7) 2010: Giants over Rangers, 4-1
MVP:
Edgar Renteria, SS
Now that we know that the Giants would win two more World Series over the next four seasons, it feels like they’ve always been winning them. But no one knew that in 2010. In ‘10, they only knew that the Giants had never won a championship since moving to San Francisco for the 1958 season, and that this team, with their exciting rookie catcher Buster Posey, their affable portly third baseman Pablo Sandoval, that glorious pitching quartet of Tim Lincecum, Matt Cain, Bumgarner and Barry Zito and the bearded closer maestro that was Brian Wilson, had at last brought them a title. Do not forget how happy this title made that beautiful city. (Side note: Renteria winning World Series MVP feels like a lifetime ago, but he hit .412 in the series with a pair of homers.)

8) 2018: Red Sox over Dodgers, 4-1
MVP:
Steve Pearce, 1B/OF
If you’re ranking Red Sox titles over the last 15 years, it’s probably:

1) 2004
2) 2013
3) 2018
4) 2007

All great!
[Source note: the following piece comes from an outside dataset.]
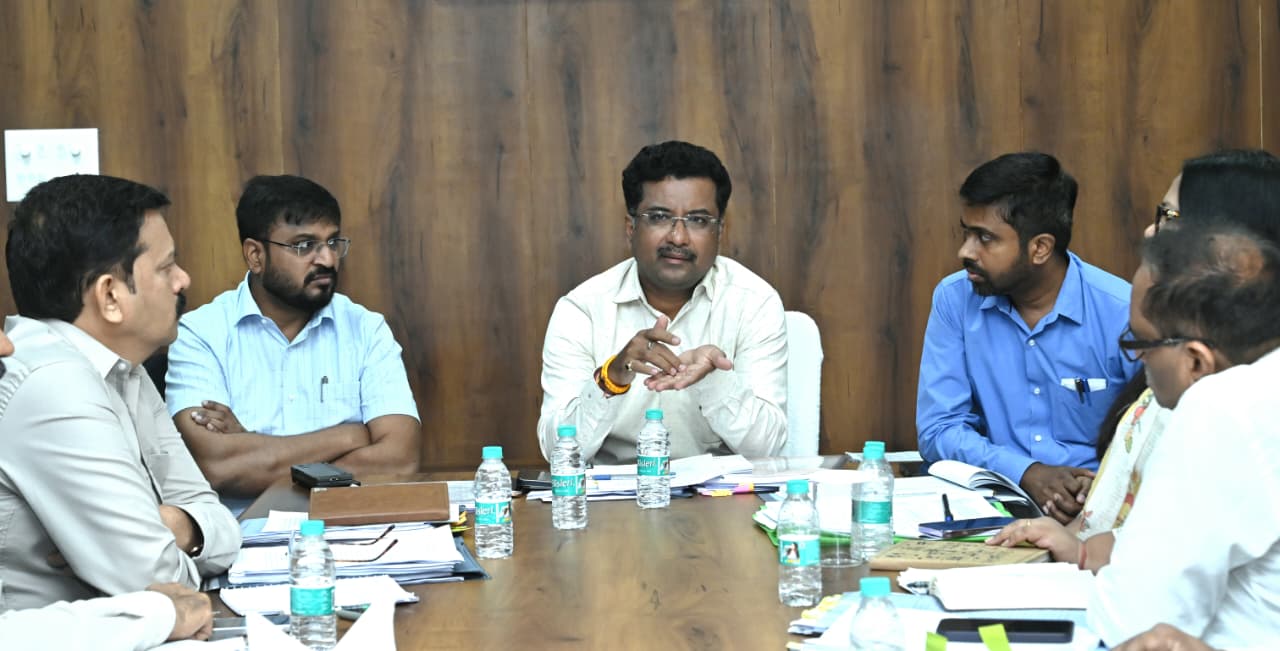 Exemplary initiative of the Tribal Development Department: Nutrition gardens will be developed in 1000 ashram-hostels of the state, children will get fresh fruits and vegetables.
But two not quite as inspiring as the other two. This one might have been the best of all those teams, though, with 108 regular-season wins and then a total blitzing of the competition in the postseason, including the first October matchup with the Yankees since that 2004 season. It is very possible this 2018 Red Sox team was the best team we saw all decade. And yet, for all of their stars, it was journeyman Pearce -- who homered three times in the series -- taking home MVP honors.

9) 2012: Giants over Tigers, 4-0
MVP:
Pablo Sandoval, 3B
This could have been a culmination season for Miguel Cabrera who, lest you forget, won the Triple Crown this season. And things were set up perfectly for Detroit with Justin Verlander lined up against an aging Zito in Game 1. Alas, the Tigers never put up much of a fight in this series, losing the first game 8-3 as Pablo Sandoval (Pablo Sandoval!) joined Babe Ruth, Reggie Jackson, and Albert Pujols as the only players to homer three times in a World Series game, including two off of Verlander. The Tigers never once held the lead all series, and were shut out in Games 3 and 4. At least Game 4 went into extra innings, with Marco Scutaro hitting a go-ahead single and Sergio Romo closing it out. This was the only sweep this entire decade (so far at least): The 2000s had three, and the 1990s three as well.